Pembangunan Pendidikan di Daerah untuk Peningkatan Kualitas Pemuda Indonesia Secara Menyeluruh


Salah satu solusi untuk mengatasi berbagai persoalan di Indonesia adalah dengan memeratakan pendidikan bagi para pemuda. Karena pemuda dinilai sebagai penduduk usia produktif yang potensial dalam mendukung proses kemajuan negara. Bahkan, Bapak Proklamator Indonesia, Ir. Soekarno pernah mengatakan dalam pidatonya, “beri aku 10 pemuda, niscaya akan kuguncangkan dunia!”. Kalimat tersebut menunjukkan bahwa pemuda memiliki pengaruh besar sebagai agen perubahan bagi suatu negara. Karena di tangan merekalah tongkat estafet pembangunan negara akan diwariskan.
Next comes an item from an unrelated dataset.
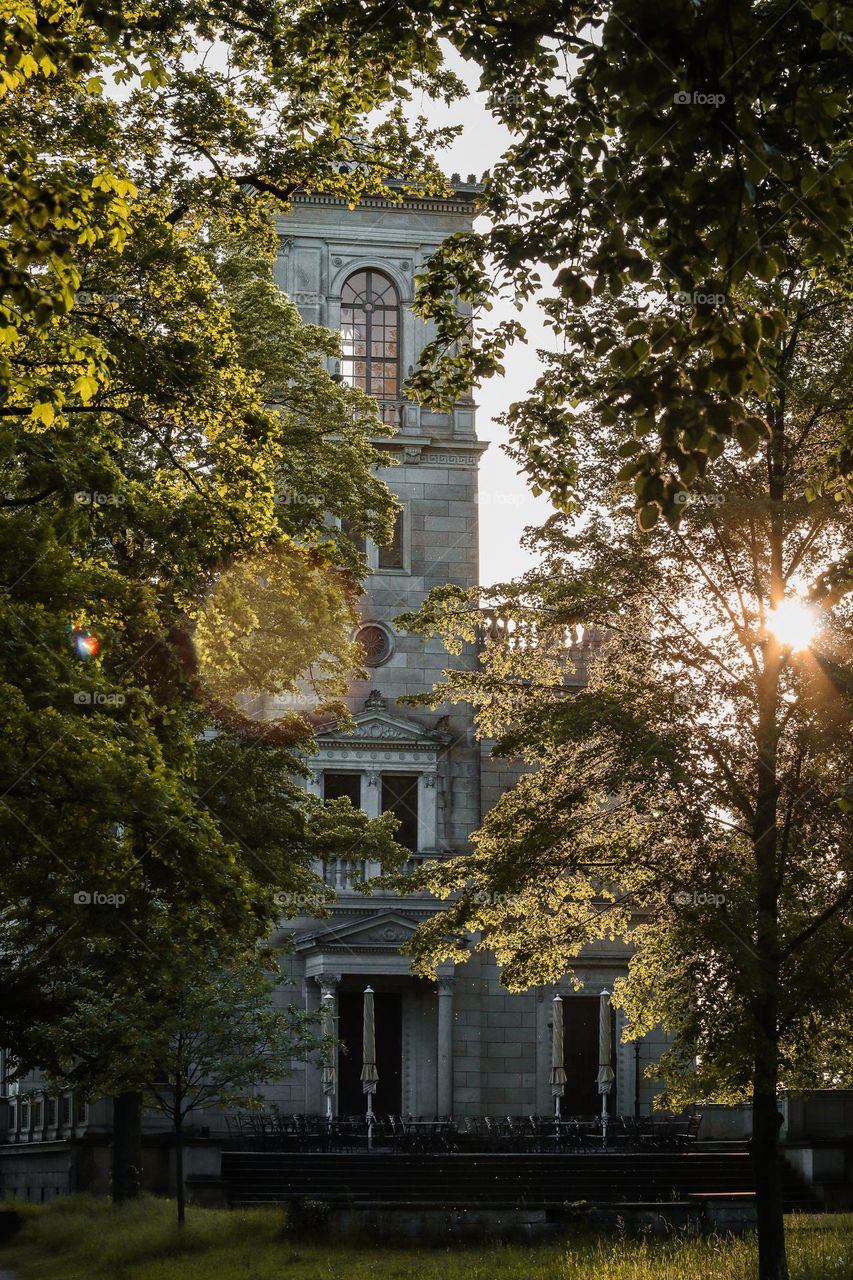 Sunset in the palace park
Jika dilihat dari definisi pemuda, seperti yang tertuang dalam Undang-Undang Republik Indonesia No. 40 tahun 2009 (Pasal 1 Ayat (1)), menyebutkan, pemuda adalah warga negara Indonesia yang memasuki periode penting pertumbuhan dan perkembangan yang berusia 16 (enam belas) sampai 30 (tiga puluh) tahun. Sedangkan karakteristik pemuda menurut Undang-Undang Republik Indonesia No. 40 tahun 2009 (Pasal 6) adalah memiliki semangat kejuangan, kesukarelaan, tanggungjawab, dan ksatria, serta memiliki sifat kritis, idealis, inovatif, progresif, dinamis, reformis, dan futuristik. Dengan adanya karakteristik tersebut diyakini, pemberdayaan pemuda adalah langkah tepat untuk proses keberhasilan pembangunan negara Indonesia.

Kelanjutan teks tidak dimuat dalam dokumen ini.